Mechanisms of the Atheroprotective Effect of Methotrexate Studied

January 6, 2009 By Arthritis Center

Coronary Artery with Atherosclerosis
Coronary Artery with Atherosclerosis

RA patients who use methotrexate have been shown to have lower cardiovascular mortality compared to non-users; however, the mechanism underlying this protection is unclear.  Here, Reiss et al (Arthritis Rheum 2008; 58(12): 3675) explore the atheroprotective effects of methotrexate in an experimental model of atherogenesis.

Methods

THP-1 monocytes/macrophages and human donor peripheral blood mononuclear cells (PBMCs) were cultured and exposed singly and in varying combinations to increasing concentrations of methotrexate, pro-atherogenic factors (IFNγ and the COX-2 inhibitor NS398), and the adenosine A2A receptor agonist CGS21680 and antagonist ZM241385.  Differences in mRNA and protein expression for the anti-atherogenic proteins cholesterol 27-hydroxylase (27-OHase) and ATP-binding cassette transporter A1 (ABCA1), key mediators of the reverse cholesterol transport process, and the formation of macrophage foam cells after incubation with acetylated LDL were compared for the different exposure groups.

Results

Exposure to methotrexate increased mRNA and protein expression for the anti-atherogenic reverse cholesterol transport mediator 27-OHase while the COX-2 inhibitor NS398 reduced 27-OHase mRNA levels.  The effect of NS398 on 27-OHase mRNA levels was blocked when co-incubated with methotrexate.  Similarly, methotrexate abrogated the reduction in 27-OHase levels induced by incubation with IFNγ.  The effect of methotrexate on enhancing 27-OHase increased with increasing concentration of methotrexate.  Similar findings were seen when human PBMCs were used.
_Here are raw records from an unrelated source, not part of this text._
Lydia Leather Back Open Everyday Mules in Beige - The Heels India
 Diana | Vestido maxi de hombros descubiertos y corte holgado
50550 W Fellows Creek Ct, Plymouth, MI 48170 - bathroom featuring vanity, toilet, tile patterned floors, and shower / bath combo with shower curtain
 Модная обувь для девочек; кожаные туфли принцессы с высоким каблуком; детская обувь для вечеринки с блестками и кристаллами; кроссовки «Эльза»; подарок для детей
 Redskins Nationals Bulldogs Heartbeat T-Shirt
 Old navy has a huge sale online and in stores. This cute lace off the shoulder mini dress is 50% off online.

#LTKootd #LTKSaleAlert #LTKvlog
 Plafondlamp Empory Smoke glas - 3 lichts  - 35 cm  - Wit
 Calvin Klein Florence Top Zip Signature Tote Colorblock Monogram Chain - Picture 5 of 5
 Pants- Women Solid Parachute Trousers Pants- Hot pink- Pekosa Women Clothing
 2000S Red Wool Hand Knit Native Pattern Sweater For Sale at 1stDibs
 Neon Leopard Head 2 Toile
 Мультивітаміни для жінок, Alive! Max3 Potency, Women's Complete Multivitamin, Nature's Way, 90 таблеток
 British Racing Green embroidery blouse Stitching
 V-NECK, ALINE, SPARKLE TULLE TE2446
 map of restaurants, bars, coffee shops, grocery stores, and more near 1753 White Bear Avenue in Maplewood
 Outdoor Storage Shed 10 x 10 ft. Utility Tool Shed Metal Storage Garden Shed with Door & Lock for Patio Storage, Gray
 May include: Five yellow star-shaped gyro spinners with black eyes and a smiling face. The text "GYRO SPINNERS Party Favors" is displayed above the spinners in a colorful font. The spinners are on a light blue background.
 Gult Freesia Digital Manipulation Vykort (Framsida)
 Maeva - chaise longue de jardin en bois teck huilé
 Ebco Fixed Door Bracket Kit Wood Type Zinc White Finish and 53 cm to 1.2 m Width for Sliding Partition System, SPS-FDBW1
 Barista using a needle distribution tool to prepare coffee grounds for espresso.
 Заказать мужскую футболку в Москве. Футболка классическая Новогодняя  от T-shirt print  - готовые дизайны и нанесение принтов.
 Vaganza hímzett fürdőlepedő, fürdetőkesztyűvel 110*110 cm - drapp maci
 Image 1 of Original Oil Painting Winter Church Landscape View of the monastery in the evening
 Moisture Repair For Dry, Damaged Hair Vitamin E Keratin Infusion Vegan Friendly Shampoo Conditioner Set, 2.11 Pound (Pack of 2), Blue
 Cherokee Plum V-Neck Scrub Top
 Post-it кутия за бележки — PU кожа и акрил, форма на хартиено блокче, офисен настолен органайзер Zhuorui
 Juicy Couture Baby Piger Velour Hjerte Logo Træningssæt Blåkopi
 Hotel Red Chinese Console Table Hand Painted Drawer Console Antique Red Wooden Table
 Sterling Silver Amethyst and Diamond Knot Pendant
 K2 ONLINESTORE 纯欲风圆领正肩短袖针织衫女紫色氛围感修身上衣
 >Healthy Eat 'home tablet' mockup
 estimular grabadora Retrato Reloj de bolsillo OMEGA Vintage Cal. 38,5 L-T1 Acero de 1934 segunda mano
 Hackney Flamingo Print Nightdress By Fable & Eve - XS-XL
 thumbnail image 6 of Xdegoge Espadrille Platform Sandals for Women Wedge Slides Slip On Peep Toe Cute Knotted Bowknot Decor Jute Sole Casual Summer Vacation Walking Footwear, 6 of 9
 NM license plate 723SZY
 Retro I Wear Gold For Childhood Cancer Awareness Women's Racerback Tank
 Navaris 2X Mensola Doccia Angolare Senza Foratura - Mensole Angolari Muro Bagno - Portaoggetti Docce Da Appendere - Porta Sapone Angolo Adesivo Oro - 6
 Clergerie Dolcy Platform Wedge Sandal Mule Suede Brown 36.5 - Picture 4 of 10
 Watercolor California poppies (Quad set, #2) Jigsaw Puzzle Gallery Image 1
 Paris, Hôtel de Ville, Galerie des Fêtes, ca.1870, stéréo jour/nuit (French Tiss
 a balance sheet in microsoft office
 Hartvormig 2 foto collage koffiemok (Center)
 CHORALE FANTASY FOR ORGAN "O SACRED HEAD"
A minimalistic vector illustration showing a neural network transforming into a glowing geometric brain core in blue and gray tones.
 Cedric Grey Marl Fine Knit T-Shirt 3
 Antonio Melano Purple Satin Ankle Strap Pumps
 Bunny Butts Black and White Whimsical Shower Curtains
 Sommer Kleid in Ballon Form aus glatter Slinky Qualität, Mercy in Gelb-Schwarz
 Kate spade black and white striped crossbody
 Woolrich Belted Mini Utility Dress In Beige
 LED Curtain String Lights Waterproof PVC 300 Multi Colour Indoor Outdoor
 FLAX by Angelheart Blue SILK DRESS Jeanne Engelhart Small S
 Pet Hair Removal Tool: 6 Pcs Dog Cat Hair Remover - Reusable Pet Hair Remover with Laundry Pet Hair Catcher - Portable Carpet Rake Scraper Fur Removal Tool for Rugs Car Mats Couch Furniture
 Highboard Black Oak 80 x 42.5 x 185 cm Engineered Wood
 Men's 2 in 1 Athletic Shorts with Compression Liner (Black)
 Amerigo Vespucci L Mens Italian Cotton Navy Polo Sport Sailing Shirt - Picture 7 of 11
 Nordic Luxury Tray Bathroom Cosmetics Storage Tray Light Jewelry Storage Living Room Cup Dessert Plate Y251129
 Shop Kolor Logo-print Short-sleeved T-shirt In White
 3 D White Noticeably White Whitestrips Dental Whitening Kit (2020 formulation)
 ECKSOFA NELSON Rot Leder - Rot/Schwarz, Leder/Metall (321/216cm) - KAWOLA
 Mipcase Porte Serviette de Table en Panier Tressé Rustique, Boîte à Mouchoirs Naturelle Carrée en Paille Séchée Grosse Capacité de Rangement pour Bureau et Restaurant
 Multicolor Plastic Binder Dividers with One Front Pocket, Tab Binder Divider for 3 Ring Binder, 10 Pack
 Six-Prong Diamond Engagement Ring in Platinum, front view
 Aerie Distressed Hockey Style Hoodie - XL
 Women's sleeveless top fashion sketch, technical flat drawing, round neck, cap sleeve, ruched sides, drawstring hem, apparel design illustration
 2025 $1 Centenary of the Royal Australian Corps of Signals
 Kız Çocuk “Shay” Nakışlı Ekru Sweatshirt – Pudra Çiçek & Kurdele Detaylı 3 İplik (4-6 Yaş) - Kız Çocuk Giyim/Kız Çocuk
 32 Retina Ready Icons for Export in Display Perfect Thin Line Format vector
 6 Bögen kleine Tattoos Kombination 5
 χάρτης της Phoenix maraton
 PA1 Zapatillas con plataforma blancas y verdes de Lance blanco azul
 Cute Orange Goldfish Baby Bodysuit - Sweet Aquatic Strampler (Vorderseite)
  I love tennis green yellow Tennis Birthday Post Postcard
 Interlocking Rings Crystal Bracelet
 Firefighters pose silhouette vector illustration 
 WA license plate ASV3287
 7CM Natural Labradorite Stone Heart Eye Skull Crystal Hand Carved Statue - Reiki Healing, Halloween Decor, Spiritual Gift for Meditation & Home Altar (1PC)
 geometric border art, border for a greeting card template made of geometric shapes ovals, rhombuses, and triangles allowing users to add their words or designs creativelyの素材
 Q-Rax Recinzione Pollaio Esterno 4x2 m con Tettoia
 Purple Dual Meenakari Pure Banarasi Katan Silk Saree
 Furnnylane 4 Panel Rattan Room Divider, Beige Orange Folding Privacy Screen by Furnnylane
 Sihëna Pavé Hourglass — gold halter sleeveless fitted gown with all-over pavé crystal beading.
Both NS398 and IFNγ reduced mRNA levels of the anti-atherogenic protein ABCA1.  Co-incubation with methotrexate abrogated these effects and was associated with higher ABCA1 levels than in controls, despite the presence of NS398 and IFNγ.  Adding the adenosine A2A receptor antagonist reduced the beneficial effect of methotrexate, suggesting that methotrexate exerts its beneficial effect through the adenosine A2A receptor.
THP-1 macrophages incubated with LDL transformed readily into foam cells when exposed to INFγ or the COX-2 inhibitor NS398.  Foam cell transformation was reduced when co-exposed to methotrexate.  Methotrexate was not effective at reducing foam cell transformation when the adenosine A2A receptor was blocked with ZM241385.

Conclusions

Methotrexate upregulated important anti-atherogenic proteins involved in the reverse cholesterol transport process and abrogated the detrimental effect of COX-2 inhibition and IFNγ on these proteins and macrophage foam cell transformation.

Editorial Comment

These are a very elegant set of experiments that help to explain why methotrexate, in contrast to other non-biologic DMARDs, appears to convey a cardiovascular mortality benefit in users.  It should be notes, however, that these results are from an in vitro experimental model of atherogenesis, and may function differently in vivo in the environment of an actual artery.  Regardless, these results suggesting cardioprotection provide additional justification for methotrexate as the cornerstone of therapy for inflammatory arthritis.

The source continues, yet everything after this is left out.